Example: Xe’najny ‘visire oda’het {‘najny} iln’han.
1S-try (INF)explain word “(INF)try” 2PL-ALL.
I try to explain the word “to try” to you.

I try to make this easy… trying is something which rejistanian does more often than not. The sentence ‘do or do not, there is no try’ sounds all-too-certain for cautious rejistanis. When a rejistani does something s/he wants to succeed, s/he probably says that she tries doing it in order not to spoil success by assuming it. It is also used when replying to a compliment on a skill or achievement: “Il’visko rejistaniha veka al.” – “Texeki. Xe’najny” (You speak very good rejistanian – Thanks. I try.) Najny as adjective means “attempted”, najny’het is an attempt.
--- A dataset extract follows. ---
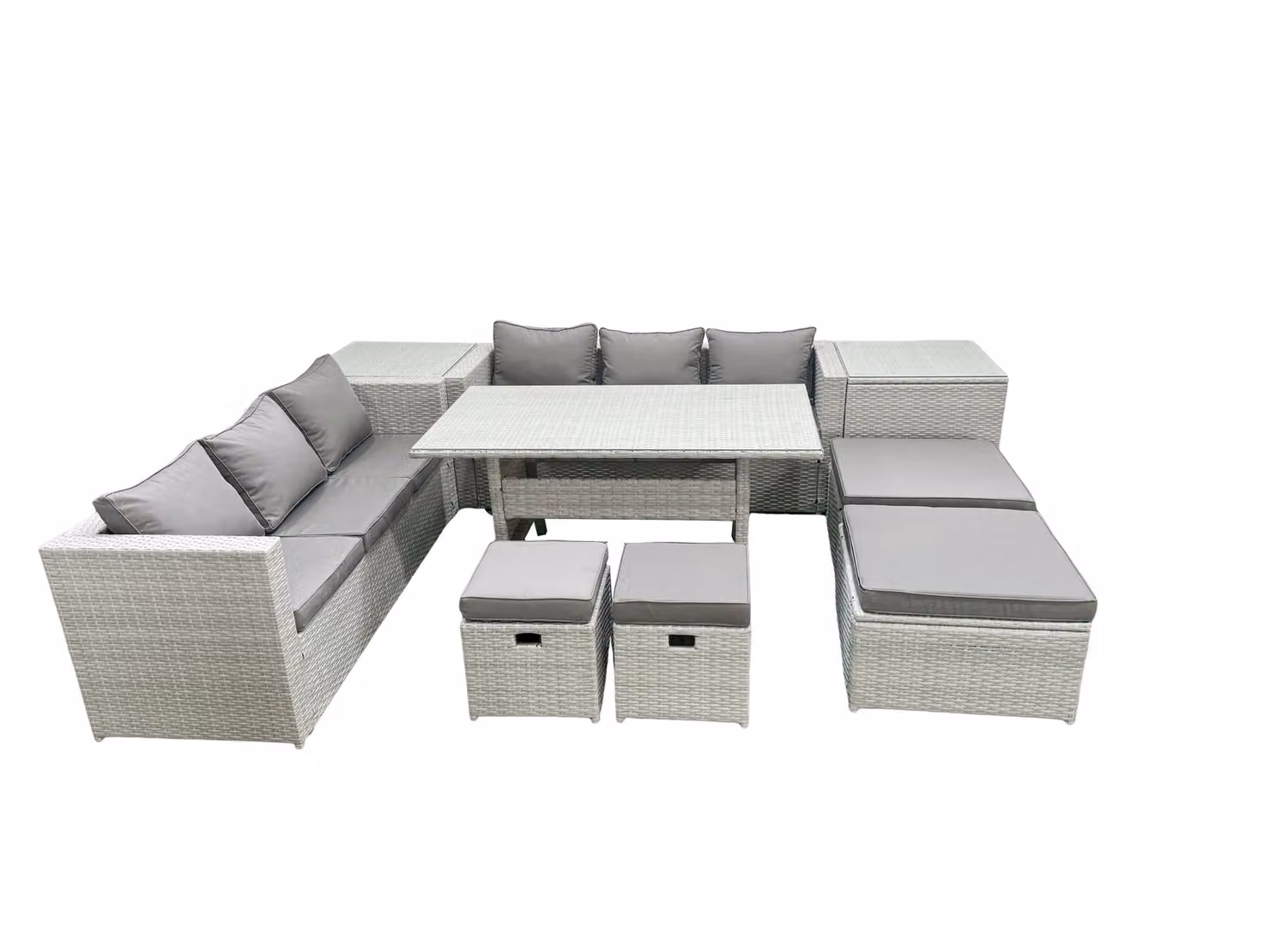 Fimous 10 Seater Rattan Garden Furniture Set with Glass Top Dining Table and 2 Side Tables in Light Grey – 2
The C-brackets are used instead of the quotation marks in rejistanian because of the first rejistanian font. there are quite a few ways to latinize Rejistanian: Naively, ReSCII and the compromise of both, which I normally use. In the Naive latinization, every letter is translated in its latin equivalent. The kata’het is written as ‘.’ or as ‘?’ depending on whether a question is asked or not, the kata’het xihim and the kata’het jula are both a ‘,’, numbers are written in Arabic digits, the helku’het is an inverted double breve below or a ~, etc. The ReSCII version is for the use with the fonts of Rejistanian. Thus every letter which looks differently is written differently. This means that numbers are full of weird characters (it makes sense on the German keyboard: Shift + x is “10^x”) and letters which are helkued are replaced by other, completely unrelated letters (ie: HangWila instead of Hank~hila/Hank͜hila). The compromise, which I normally use uses { and } for the quotation marks, ‘,’ for kata’het xihim and the kata’het jula (but like ReSCII puts the kata’het jula in front of the next letter without a space) and writes numbers as arabic digits and number terms in normal brackets, ie: 8 (ke) instead of 8! for 80. It uses the tilde or the inverted double breve below. It is supposed not to look too ugly and to allow to transform it into ReSCII via regular expressions.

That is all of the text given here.